The listing below holds pictures; exclude them. Return exactly the lines from the one with "Découvrez le feu d'artifice de jour!" through the one with "Iveco Launches Propulsion".

→ Supplied records
····················

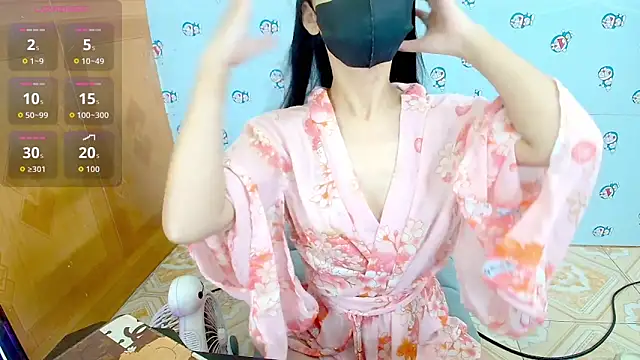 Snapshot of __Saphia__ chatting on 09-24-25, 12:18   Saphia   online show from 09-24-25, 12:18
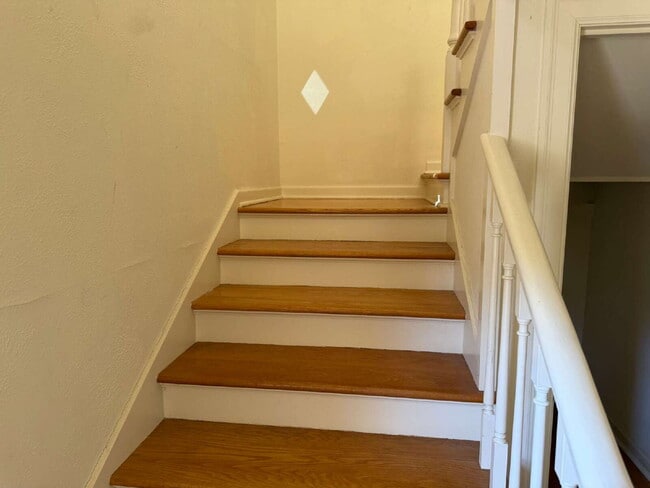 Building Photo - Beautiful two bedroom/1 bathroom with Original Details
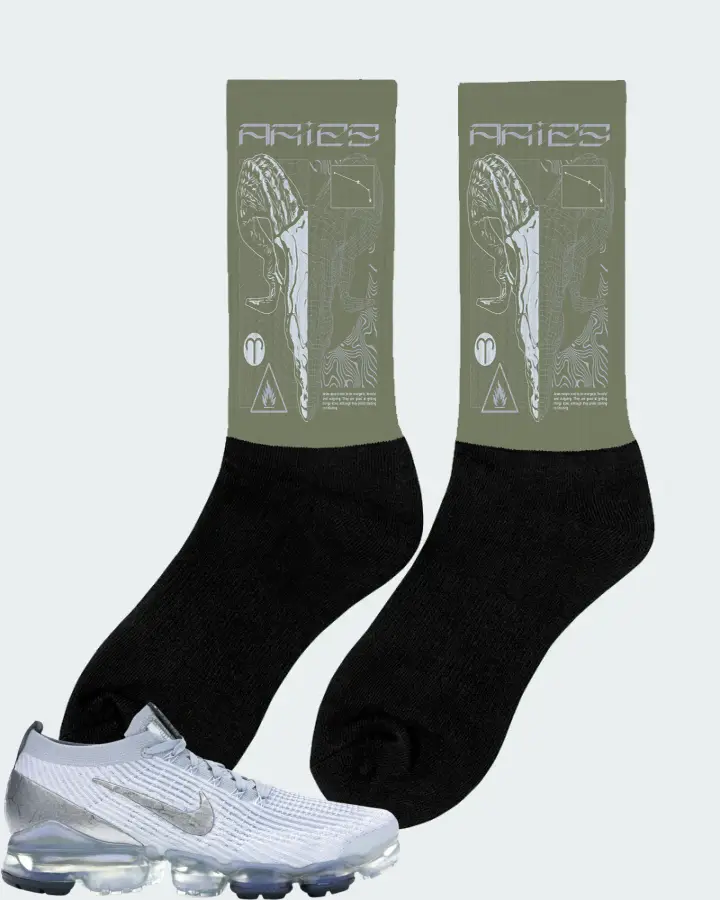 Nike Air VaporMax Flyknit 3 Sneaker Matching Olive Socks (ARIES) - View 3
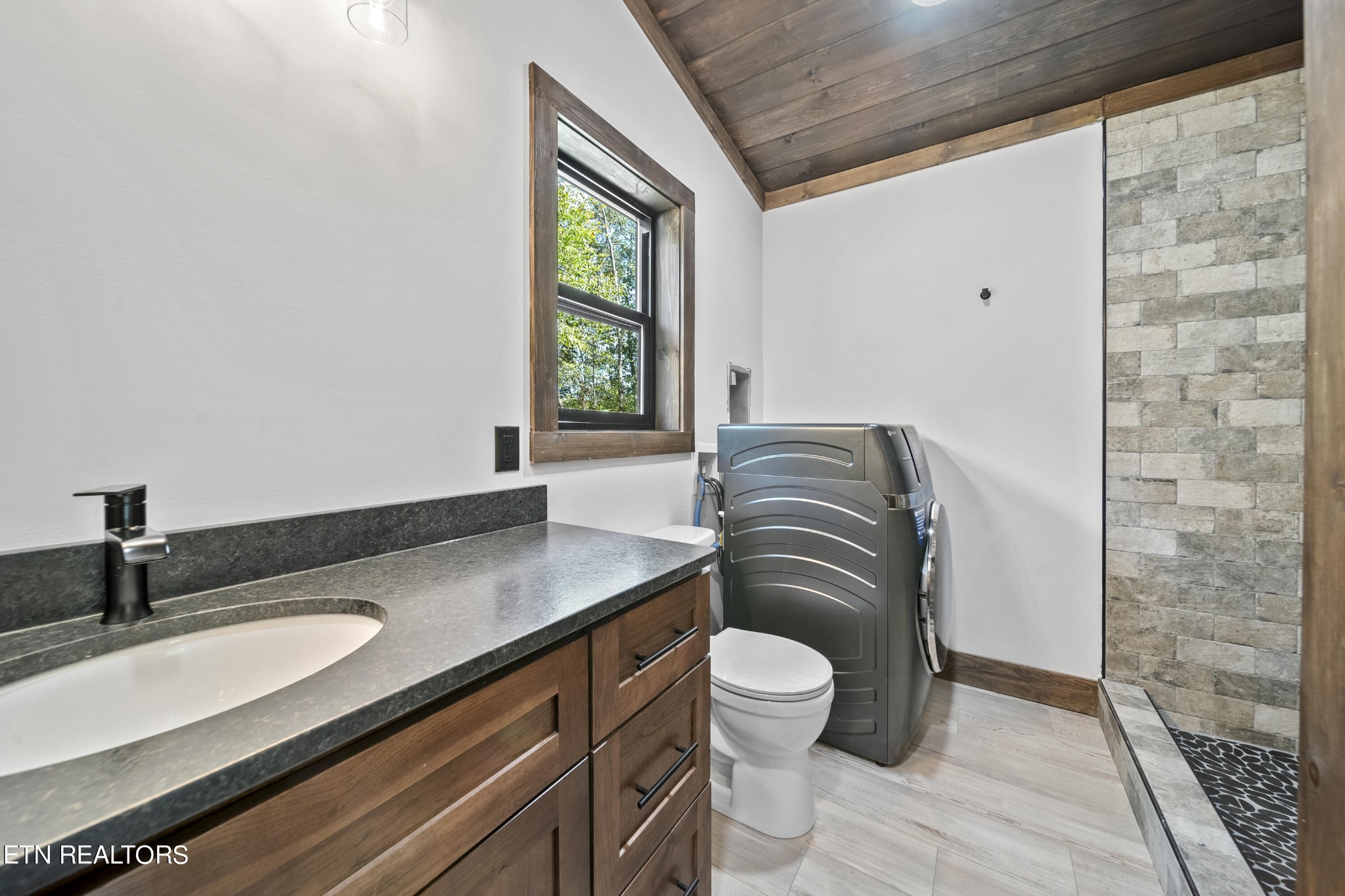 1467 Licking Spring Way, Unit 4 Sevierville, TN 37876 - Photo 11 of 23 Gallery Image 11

····················

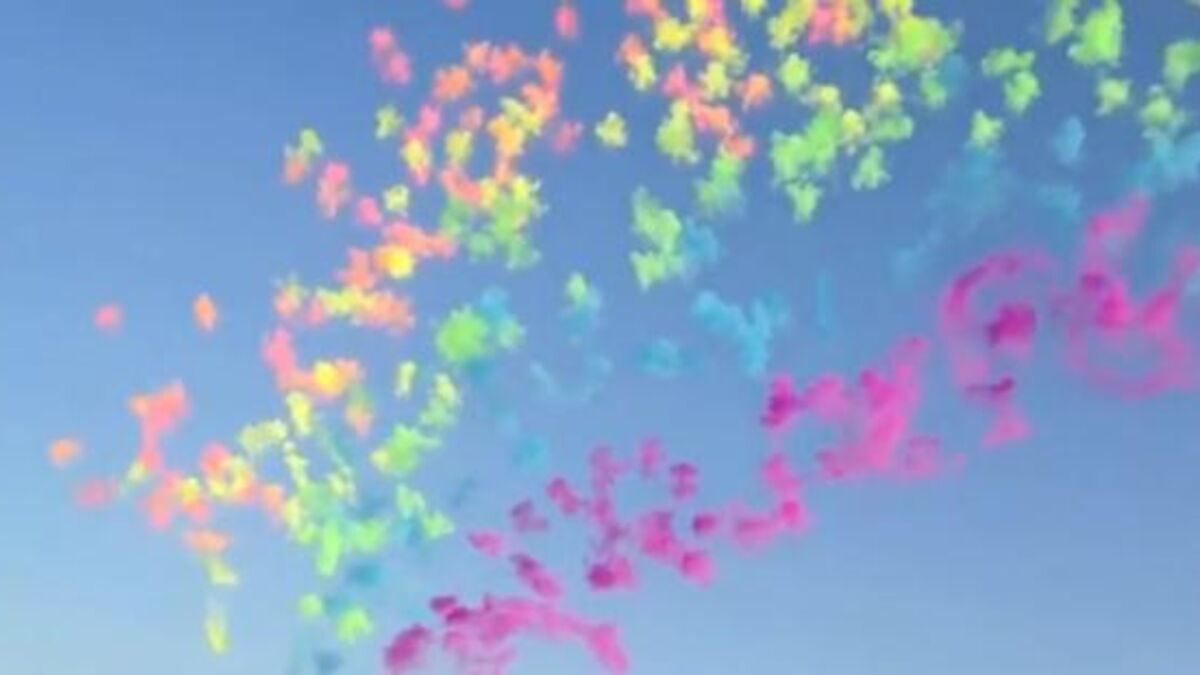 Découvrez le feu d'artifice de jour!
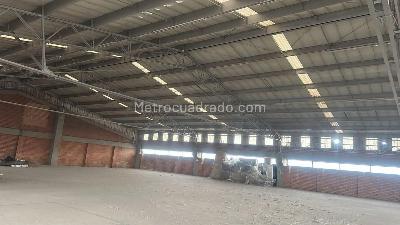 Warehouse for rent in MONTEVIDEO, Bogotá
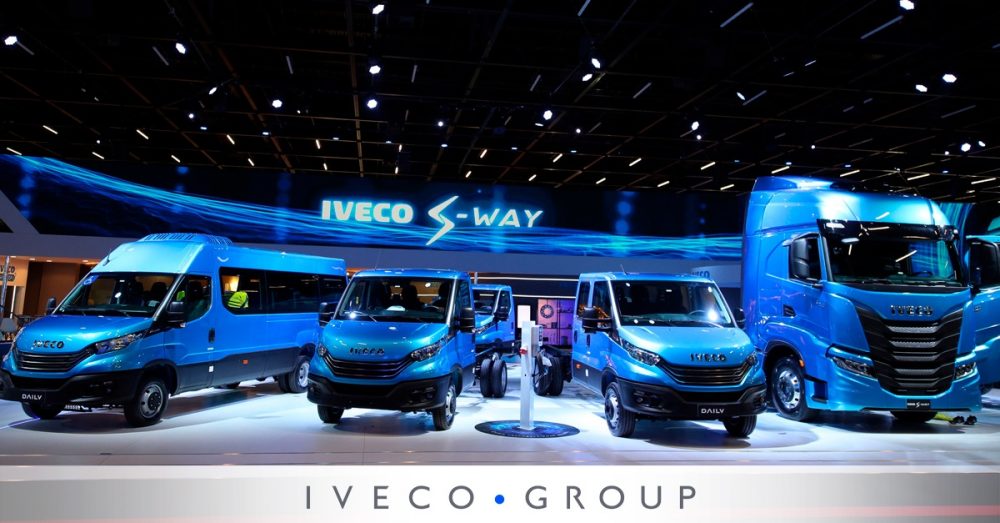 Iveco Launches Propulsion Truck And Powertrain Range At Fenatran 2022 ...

····················

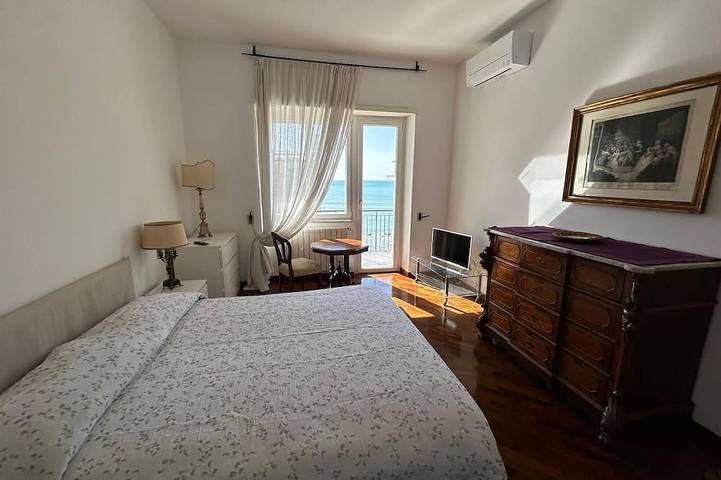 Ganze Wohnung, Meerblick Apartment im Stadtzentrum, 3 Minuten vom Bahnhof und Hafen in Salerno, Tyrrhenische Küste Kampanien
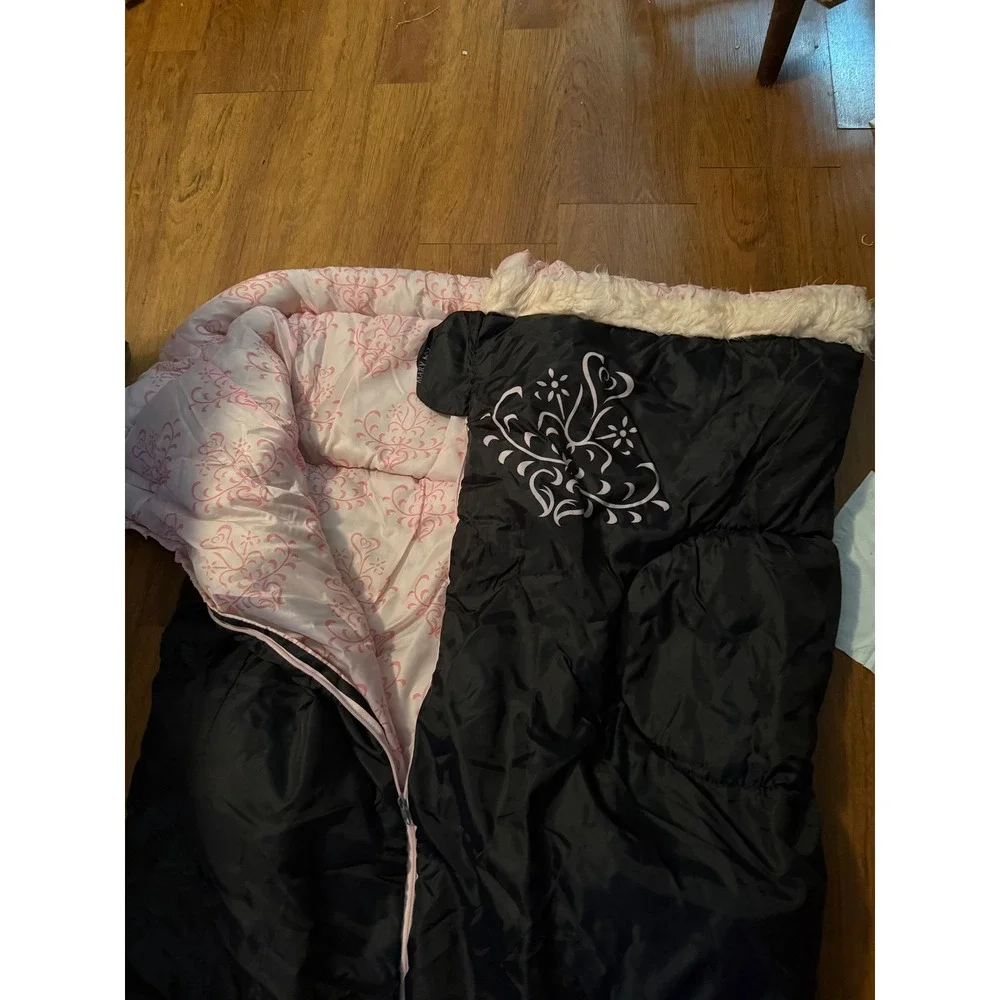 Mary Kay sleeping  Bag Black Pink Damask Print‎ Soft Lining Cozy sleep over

····················

→ The completed task
 Découvrez le feu d'artifice de jour!
 Warehouse for rent in MONTEVIDEO, Bogotá
 Iveco Launches Propulsion Truck And Powertrain Range At Fenatran 2022 ...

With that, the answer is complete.